═══ Extracted records ═══
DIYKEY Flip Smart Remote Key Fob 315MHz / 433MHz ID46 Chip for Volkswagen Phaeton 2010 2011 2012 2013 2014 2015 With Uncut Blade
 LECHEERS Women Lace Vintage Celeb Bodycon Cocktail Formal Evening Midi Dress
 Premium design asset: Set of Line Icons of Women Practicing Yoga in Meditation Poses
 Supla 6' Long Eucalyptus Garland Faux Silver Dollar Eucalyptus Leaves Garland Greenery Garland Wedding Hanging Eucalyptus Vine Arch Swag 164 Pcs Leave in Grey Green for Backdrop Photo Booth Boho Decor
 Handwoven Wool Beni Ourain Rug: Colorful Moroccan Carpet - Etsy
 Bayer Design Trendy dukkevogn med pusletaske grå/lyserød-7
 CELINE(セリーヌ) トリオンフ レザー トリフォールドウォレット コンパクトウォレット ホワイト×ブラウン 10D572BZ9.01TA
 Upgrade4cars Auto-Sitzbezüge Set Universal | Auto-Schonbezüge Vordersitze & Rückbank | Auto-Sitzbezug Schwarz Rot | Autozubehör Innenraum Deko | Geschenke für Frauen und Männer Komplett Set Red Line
═══
Your instructions
Retype the lines of the material from the one containing "Handwoven Wool Beni" through the last line, exactly, and give no other lines.

Result of this task
 Handwoven Wool Beni Ourain Rug: Colorful Moroccan Carpet - Etsy
 Bayer Design Trendy dukkevogn med pusletaske grå/lyserød-7
 CELINE(セリーヌ) トリオンフ レザー トリフォールドウォレット コンパクトウォレット ホワイト×ブラウン 10D572BZ9.01TA
 Upgrade4cars Auto-Sitzbezüge Set Universal | Auto-Schonbezüge Vordersitze & Rückbank | Auto-Sitzbezug Schwarz Rot | Autozubehör Innenraum Deko | Geschenke für Frauen und Männer Komplett Set Red Line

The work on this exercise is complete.